Она находила утешение, когда чувствовала под пальцами землю, занимаясь монотонной работой по сезону. Здесь, по крайней мере, она могла дать жизнь чему-то новому. Здесь то, что было похоронено, вновь оживало, если получало нужное количество света, удобрений и дождя.
В последние годы в саду Элинор Спарроу все расцветало в рекордно короткие сроки: ароматные ночные фиалки размером с лошадиную подкову, декоративный шиповник, цветущий до января, чайные розы, такие великолепные, что воры несколько раз пытались украсть черенки, но волкодав Аргус, чьи клыки давно стерлись до пеньков, сумел все-таки отпугнуть незваных гостей утробным лаем. Видя всю эту зелень за каменной оградой, даже в марте, когда только начинают формироваться бутоны, никто не представлял, как трудно было Элинор привести весь сад в порядок. Два года после смерти Сола здесь вообще ничего не росло, несмотря на все усилия хозяйки. Возможно, виновата в том была соль, пропитавшая ее кожу, или горечь у нее на сердце. Какова бы ни была причина, все засыхало на корню, даже розы, посаженные Ребеккой Спарроу. Элинор нанимала садовников-декораторов, но они лишь беспомощно разводили руками или просто предлагали ей воспользоваться инсектицидами и серой. Она отсылала образцы почв в лабораторию Массачусетского технологического института, и ей отвечали, что все в порядке, требуется лишь правильный уход и немного костяной муки.
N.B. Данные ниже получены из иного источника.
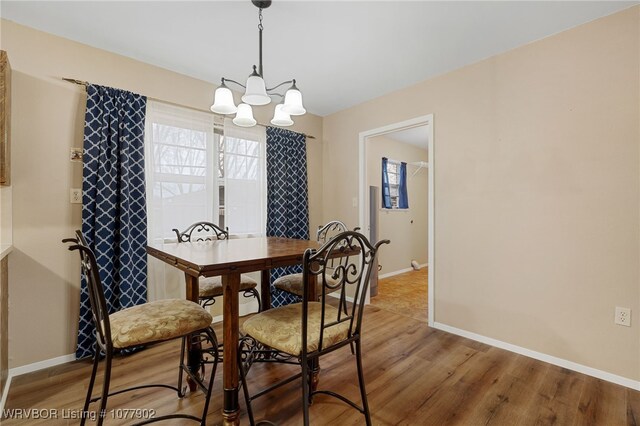 dining room featuring a chandelier and wood-type flooring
Однажды, когда Элинор работала в саду, уже готовая сдаться и бросить это дело, рядом остановился Брок Стюарт, городской врач. Доктор Стюарт тогда еще ходил на вызовы; в тот день он заглянул в Кейк-хаус потому, что Дженни, которой было всего двенадцать, позвонила и попросила его прийти. Девочка давно болела простудой, сопровождавшейся сухим кашлем и головными болями, такими сильными, что она вообще не раздвигала штор в своей комнате, проводя все время в темноте. Она ходила в шестой класс, но уже научилась заботиться о себе.
— Где твоя мама? — спросил доктор Стюарт, осмотрев Дженни.
У девочки была высокая температура, а на тумбочке даже стакана воды не нашлось, да и холодный компресс на лоб ей бы не помешал.
— Она в саду. — Уже тогда Дженни отличалась серьезностью. — Это единственное, что ее заботит, поэтому я наслала на него проклятие.
— Вот как? — Доктор Стюарт был отличным терапевтом и никогда не пропускал мимо ушей детские суждения. — Какого рода проклятие?
Дженни села в кровати. Вообще-то она хотела сохранить свой секрет, но интерес доктора Брока так ей польстил, что она посвятила его в сложности колдовства.
«Не прилетай сюда больше, ни утром, ни вечером, ни в дождь, ни в солнечный день».
Дженни улыбнулась доктору, довольная, что он выслушал заклинание так серьезно.
— Я нашла его в книге, что хранится в углу нашей гостиной. Эта присказка держит пчел на расстоянии. А без пчел не растет ни один сад.
— Я не знал этого.
Как единственный городской врач, Брок Стюарт не переставал изумляться, сколь различными способами люди могут навредить друг другу, даже не прилагая к этому видимых усилий. Его все еще поражала в людях хрупкость их бытия и в то же время удивительное жизнелюбие; человек мог выстоять и в болезни, и в горе самым неожиданным образом.
— Это мне папа рассказал, что пчелы не любят сквернословия. — У Дженни развязался язык. — Но больше всего они не выносят, когда в доме кто-то умирает. Если такое случается, они покидают сад.
Лицо девочки пылало, а спутанные волосы казались совершенно черными. Это был очень педантичный ребенок, ненавидевший цветы, грязь, дождевых червей и беспорядок. На стенах у нее висели в один ряд небольшие картинки, приклеенные скотчем, — затейливые акварели, в которых предметы идеально подходили друг другу: стол и коврик, дом и небо, мать и дочь.